Another consequence of using medications to reduce stomach acid
Reducing stomach acid may also cause a reduction in Vitamin B12 as stomach acid helps the B12 to be extracted from food and absorbed. B12 deficiency is very serious and can lead to memory loss, mental confusion, mood changes and much more.
- Try apple cider vinegar instead of an antacid
Apple cider vinegar will give your digestion a little boost! Mix 1-2 tsp of apple cider vinegar with water and make sure you take it before each meal. Works well! Remember things like lemon and apple cider vinegar are good for your stomach but not so good for your teeth, don’t immediately brush your teeth rubbing the acid into your teeth, eat or at least rinse before you brush.

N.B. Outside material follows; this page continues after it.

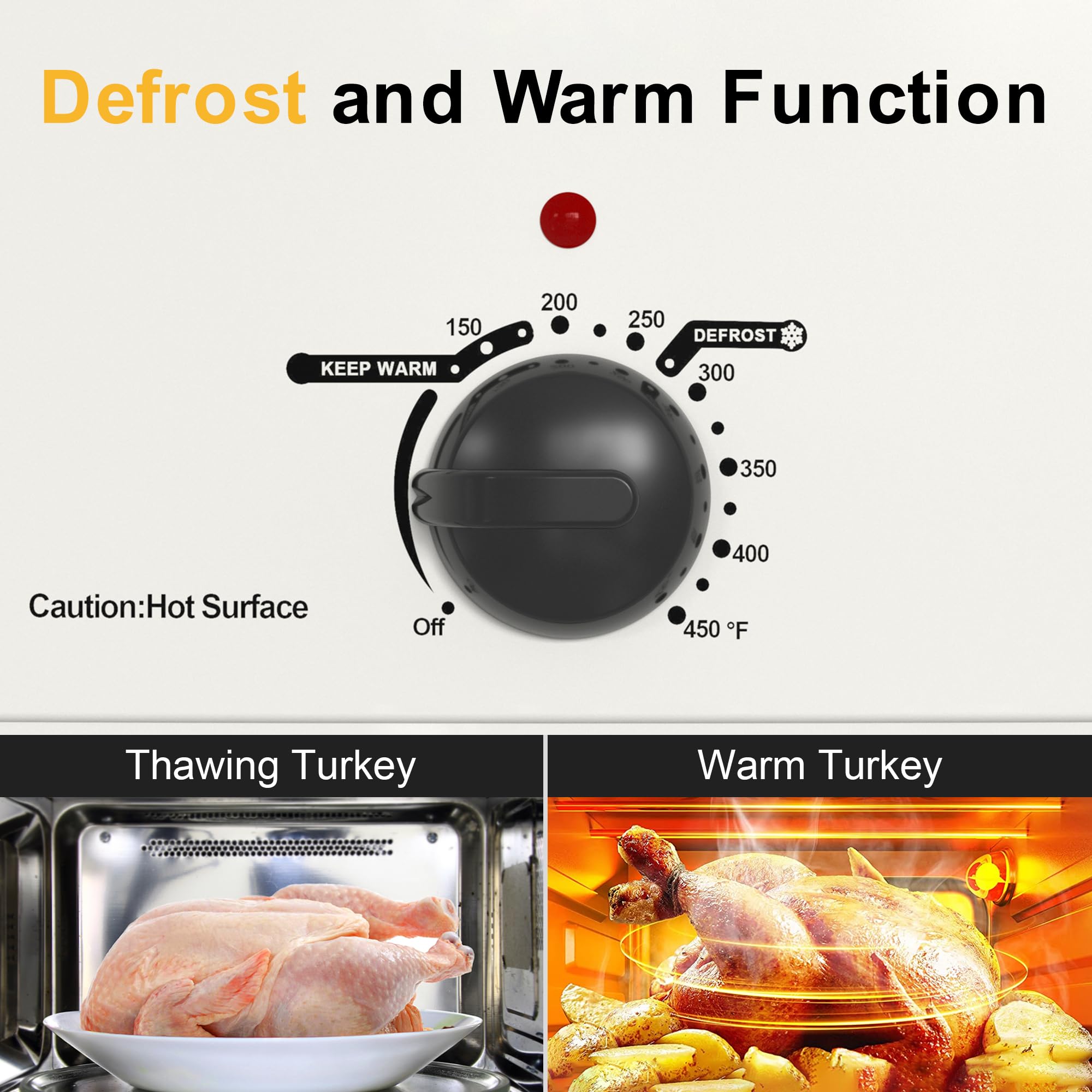 24Qt Electric Roaster Oven - Stainless Steel Turkey Roaster with Self-Basting Lid, Removable Pan & Rack | Fast Cooking for Turkey, Meats, Bread, Soup & Sauce | Perfect for Thanksgiving, Holiday Meals & Large Family Gatherings
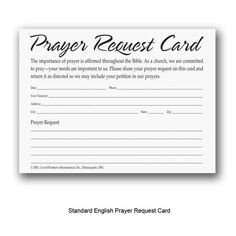 Prayer Request Card Template Prayer Card Printable Prayer Request Cards 4 Cards On 8 5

- Identify any food sensitivities
Eating foods that you are sensitive to will cause inflammation and strain to the digestive system – worsening reflux. The symptoms are not always obvious; you may experience many or one of the following: headaches, nausea, cramping, rash, mood drops, low energy, numbness, poor sleep, diarrhoea, constipation and IBS.
- Slow down
Eat consciously being aware of nourishing yourself. Sit down, relax and eat slowly ensuring that you chew properly. Don’t eat unconsciously (eg watching tv, using a device, driving, on the run). Digestion starts when you are thinking about your food, smelling food and chewing. If you bypass all of these steps and just start shoveling it in unconsciously, your body won’t be ready to rest and digest. You need to support your body to support you!